Beacons on Cruise Ships

There’s a new in-depth article at PC Mag on how Carnival use beacons, based on Bluetooth and NFC, on cruise ships. As the article says, “it provides an excellent case study in how to use technology to enhance your customer’s experience”.

The beacons are branded as ‘OceanMedallion’ and allow:

  • Guests to unlock their stateroom
  • Guests to pay for drinks or items in shops
  • Guests to play in the casino
  • Housekeeping staff to keep track of whether or not the stateroom is occupied

7,000 sensors throughout each ship detect the beacons and 4000 interactive portals provide information for guests. A mobile app can also be used that can help navigate about the ship and find fellow passengers.

Beacons provide a way to eliminate friction in the passenger experience. The software system uses edge devices to perform operations close to where the user has been detected so as to reduce latency and network traffic. Nevertheless, the system attempts to centralise data so as not to replicate information.

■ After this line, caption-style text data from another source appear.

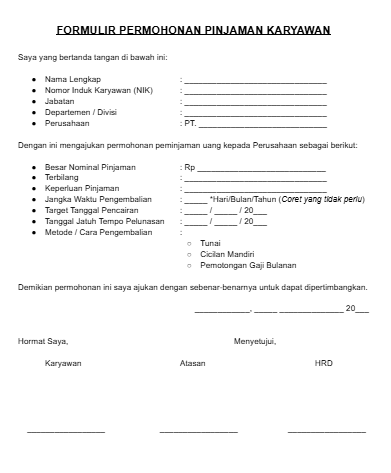 Contoh Form Pengajuan Pinjaman Karyawan Word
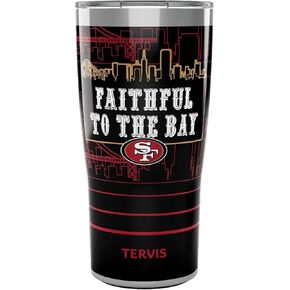 كوب سفر Tervis Traveler NFL San Francisco 49ers - مخلص لشعار الخليج، كوب سفر معزول ثلاثي الجدران يحافظ على المشروبات باردة وساخنة، 20 أونصة، من الفولاذ المقاوم للصدأ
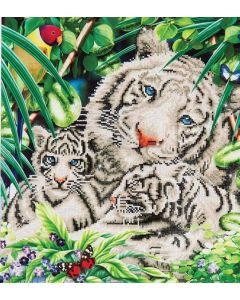White Tiger and Cubs Diamond Dotz: 52x52 cm
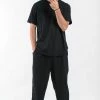 HaremPants.com Solid Color Drawstring Men's Yoga Massage Pants In Black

The system provides Carnival with lots of useful data on guest preferences, transactions (for billing) and preferred areas of the ship. Aggregated information might be used to determine heavily used areas (for maintenance), pinch points and redundant areas of the ship to feed into improvements to the ship.

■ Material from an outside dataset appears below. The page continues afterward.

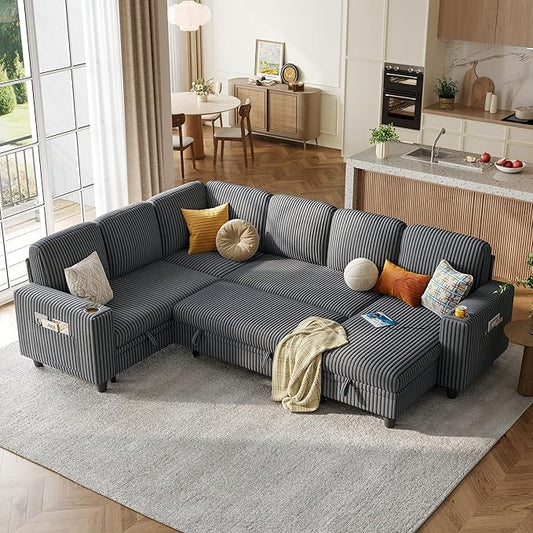 LINSY HOME Sectional Sleeper Sofa with Pull Out Couch Bed - Convertible Plush Corduroy Cloud Couch with Storage Chaise & USB Charging, Comfy Modular Couches for Living Room, Grey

Read about Beacons in Hospitality

Read about Beacons in Visitor Spaces

Beacons in Times Square

If you are thinking about using beacons for hospitality/events then you might like to take a look at Mr Beacon’s latest video interview with Kyle Wright from The Shubert Organization. They are the largest theatre owner on Broadway and have beacons covering their theatres and 80% of Times Square.

Their beacons require apps and they have been experimenting with partnering with 3rd party apps from travel, airline and credit card companies as well as having their own app. Initially, their own app was a challenge because few people had spare time to download when they arrive at a theatre. However, covering such a large number of venues and Time Square, with the large footfall, has made it easier to get their beacon detection into the 3rd party apps.

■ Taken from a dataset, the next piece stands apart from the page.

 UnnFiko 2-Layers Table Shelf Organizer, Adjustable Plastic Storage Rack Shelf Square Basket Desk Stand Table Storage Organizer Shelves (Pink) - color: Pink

This is an interesting insight in that, if you control a compelling destination, you don’t necessarily need your own app but might have the clout to piggy back another organisation’s app that’s more likely to be on peoples’ phones.

More Cruise Ships Using Beacons

We previously wrote about how Carnival Cruises was rolling out beacons on their cruise ships. MSC Cruises have recently announced that they will also be using beacons as part of their ‘MSC and Me’ technology to allow guests to track their kids, navigate the ship, receive messages and book activities.

The use of beacons in hospitality is currently an area ripe for innovation. Cruise companies seem to be one of the first, probably because a) beacons can impact on a large number of areas and b) the resultant data and opportunities for added value selling can be valuable to the companies.

Beacons in the Hospitality Sector

Carnival Cruises has started to roll out ‘Ocean Medallion™, a beacon that allows you to board the ship, open your room door, navigate the ship, find your family and friends onboard, make reservations and order and pay for food and drinks.

This is a significant and well thought out rollout for many reasons:

  • Large undertaking – In order to use the system, each ship is being fitted with 75 miles (121km) of cables, more than 7,000 sensors and 4,000 digital screens.
  • Mass market promotion – it has even been mentioned on the BBC.
  • First large rollout to use beacons with NFC – As we previously mentioned, NFC can be used for, closer, security-related activities such as payment.
  • Used as a USP – The How It Works web page is using the added convenience as a unique selling point.
  • No battery life problems – The beacon only has to transmit and last as long as the holiday.
  • User Experience aware – The beacon has been designed to look like jewellery to gain acceptance. It’s engraved with the customer’s name and can be worn as a necklace, clip or on a keychain.

The clever part is that the gains aren’t just for Carnival cruise guests. The new system will also allow more personal location information to be gathered that can be used offer better targeted promotions and hence help increase revenue per customer.